De tweedeling van de maatschappij is immers niet op te lossen met slimme algoritmes, maar vraagt om medemenselijkheid en democratie. Naast het terugdringen van de macht van het grootkapitaal is een haast spiritueel bewustzijn nodig dat we ook zelf niemand anders moeten willen overheersen of overtroeven. Andere technische hulpmiddelen, die niet meer weg te denken zijn, zoals de social media, kunnen hierbij ondersteunen (voor zover niet aan banden gelegd), maar zijn evenmin in staat het nodige bewustzijn te laten doorbreken. Misschien moeten we eerst nog meer ervaren wat ons niet helpt.

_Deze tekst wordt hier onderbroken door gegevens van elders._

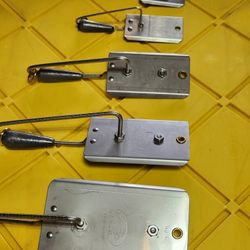 OLD SALTY Fishing Planers...#2 To #4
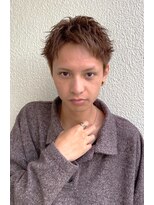 リアイス(Re:ICE) フェザーパーマ/アップバング/スパイキーショート/ツーブロック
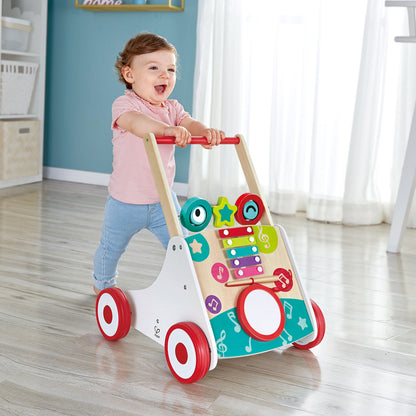 Music Push Learning Walker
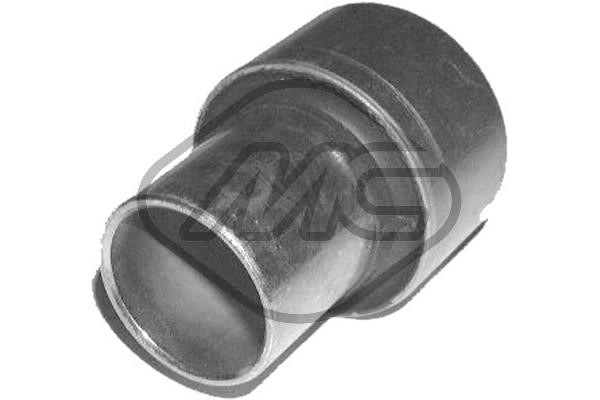 Axelupphängning, Bakaxel Metalcaucho 48558 Metalcaucho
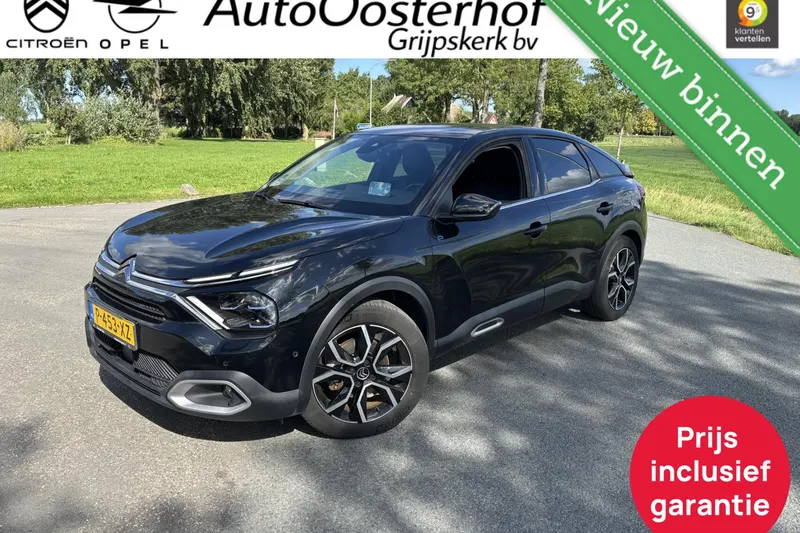 Citroën ë-C4 (2022)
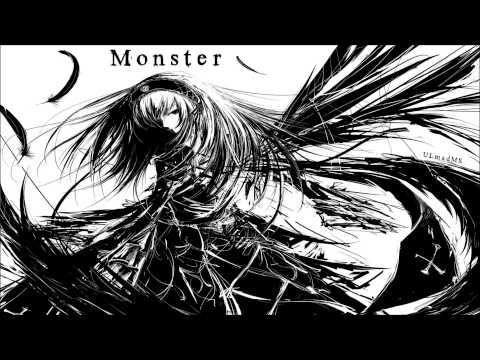 Nightcore - Monster [HD]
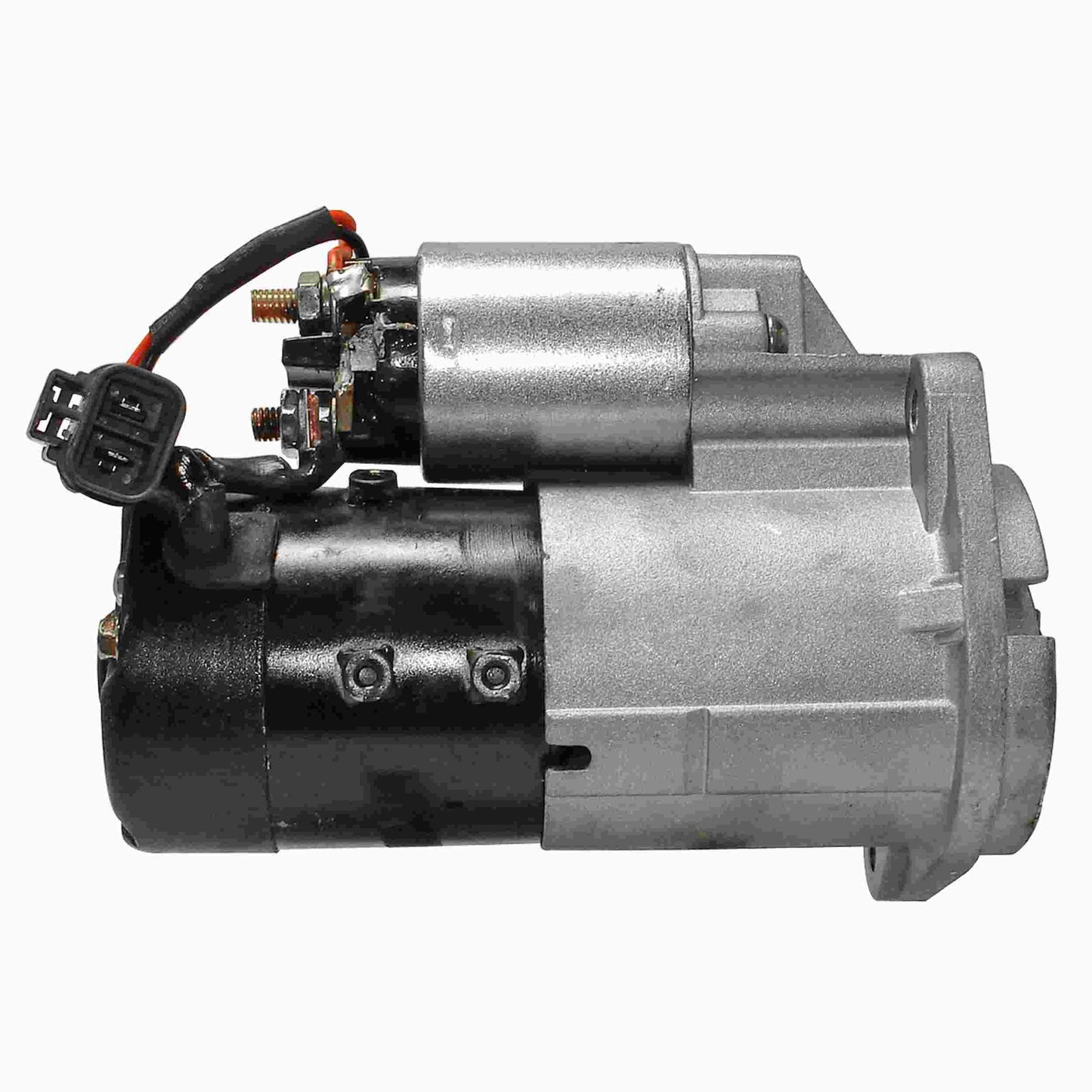 Quality-Built Starter Motor 16817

Wie zich toch alvast wil losmaken van de waan van de wedloop, doet er goed aan dat een beetje radicaal te doen door niet de ene doodlopende weg te verruilen voor de andere. Zorg voor elkaar moet centraal staan, en mag ook worden georganiseerd, maar dan zonder winst-oogmerk. Als er winst wordt gemaakt, spreken we niet meer van zorg, maar van een verdienmodel. Geen enkele financiële prikkel kan de mens oprecht zorgzamer maken. Recent onderzoek toont eerder aan dat wie weinig heeft, makkelijker deelt. Het probleem is alleen dat overheden dit soort zorg zien als een makkelijke bezuiniging, waardoor we toch weer onderdeel worden van een financieel systeem. We moeten dus blijven strijden voor goede collectieve voorzieningen en eerlijke kansen voor iedereen.


Voetnoot

Veel informatie in dit artikel is ontleend aan het boekje “Alle geheimen van Bitcoin en Blockchain”, FL Business Publications BV, Nederland, 2018.